(LISTED ENTRIES Opens)

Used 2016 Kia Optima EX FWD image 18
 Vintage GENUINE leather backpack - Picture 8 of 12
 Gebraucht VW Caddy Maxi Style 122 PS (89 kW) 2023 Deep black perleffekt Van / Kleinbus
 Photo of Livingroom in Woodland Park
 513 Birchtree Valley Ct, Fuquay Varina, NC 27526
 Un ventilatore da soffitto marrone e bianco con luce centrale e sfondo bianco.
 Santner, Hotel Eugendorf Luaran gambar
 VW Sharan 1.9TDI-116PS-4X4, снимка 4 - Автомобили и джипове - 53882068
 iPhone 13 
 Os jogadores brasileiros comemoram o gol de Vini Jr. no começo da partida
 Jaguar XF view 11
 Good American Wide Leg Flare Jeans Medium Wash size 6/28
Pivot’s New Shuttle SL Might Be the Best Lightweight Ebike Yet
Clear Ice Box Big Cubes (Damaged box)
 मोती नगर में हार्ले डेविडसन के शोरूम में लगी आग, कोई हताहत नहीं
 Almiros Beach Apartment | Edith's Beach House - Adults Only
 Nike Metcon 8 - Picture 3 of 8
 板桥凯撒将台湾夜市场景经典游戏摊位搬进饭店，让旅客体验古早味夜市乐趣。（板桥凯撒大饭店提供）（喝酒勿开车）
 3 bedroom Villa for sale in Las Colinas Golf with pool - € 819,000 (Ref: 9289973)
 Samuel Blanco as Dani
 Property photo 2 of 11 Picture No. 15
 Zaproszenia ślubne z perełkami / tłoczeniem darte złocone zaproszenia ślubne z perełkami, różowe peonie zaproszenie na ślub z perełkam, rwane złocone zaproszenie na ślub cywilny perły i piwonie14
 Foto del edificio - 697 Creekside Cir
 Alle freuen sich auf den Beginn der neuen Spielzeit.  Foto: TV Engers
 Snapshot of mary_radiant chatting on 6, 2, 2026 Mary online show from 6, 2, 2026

(LISTED ENTRIES Closes)

▶ **BRIEF**
Please return the records above exactly as they are written.

▶ **TASK SOLUTION**
Used 2016 Kia Optima EX FWD image 18
 Vintage GENUINE leather backpack - Picture 8 of 12
 Gebraucht VW Caddy Maxi Style 122 PS (89 kW) 2023 Deep black perleffekt Van / Kleinbus
 Photo of Livingroom in Woodland Park
 513 Birchtree Valley Ct, Fuquay Varina, NC 27526
 Un ventilatore da soffitto marrone e bianco con luce centrale e sfondo bianco.
 Santner, Hotel Eugendorf Luaran gambar
 VW Sharan 1.9TDI-116PS-4X4, снимка 4 - Автомобили и джипове - 53882068
 iPhone 13 
 Os jogadores brasileiros comemoram o gol de Vini Jr. no começo da partida
 Jaguar XF view 11
 Good American Wide Leg Flare Jeans Medium Wash size 6/28
Pivot’s New Shuttle SL Might Be the Best Lightweight Ebike Yet
Clear Ice Box Big Cubes (Damaged box)
 मोती नगर में हार्ले डेविडसन के शोरूम में लगी आग, कोई हताहत नहीं
 Almiros Beach Apartment | Edith's Beach House - Adults Only
 Nike Metcon 8 - Picture 3 of 8
 板桥凯撒将台湾夜市场景经典游戏摊位搬进饭店，让旅客体验古早味夜市乐趣。（板桥凯撒大饭店提供）（喝酒勿开车）
 3 bedroom Villa for sale in Las Colinas Golf with pool - € 819,000 (Ref: 9289973)
 Samuel Blanco as Dani
 Property photo 2 of 11 Picture No. 15
 Zaproszenia ślubne z perełkami / tłoczeniem darte złocone zaproszenia ślubne z perełkami, różowe peonie zaproszenie na ślub z perełkam, rwane złocone zaproszenie na ślub cywilny perły i piwonie14
 Foto del edificio - 697 Creekside Cir
 Alle freuen sich auf den Beginn der neuen Spielzeit.  Foto: TV Engers
 Snapshot of mary_radiant chatting on 6, 2, 2026 Mary online show from 6, 2, 2026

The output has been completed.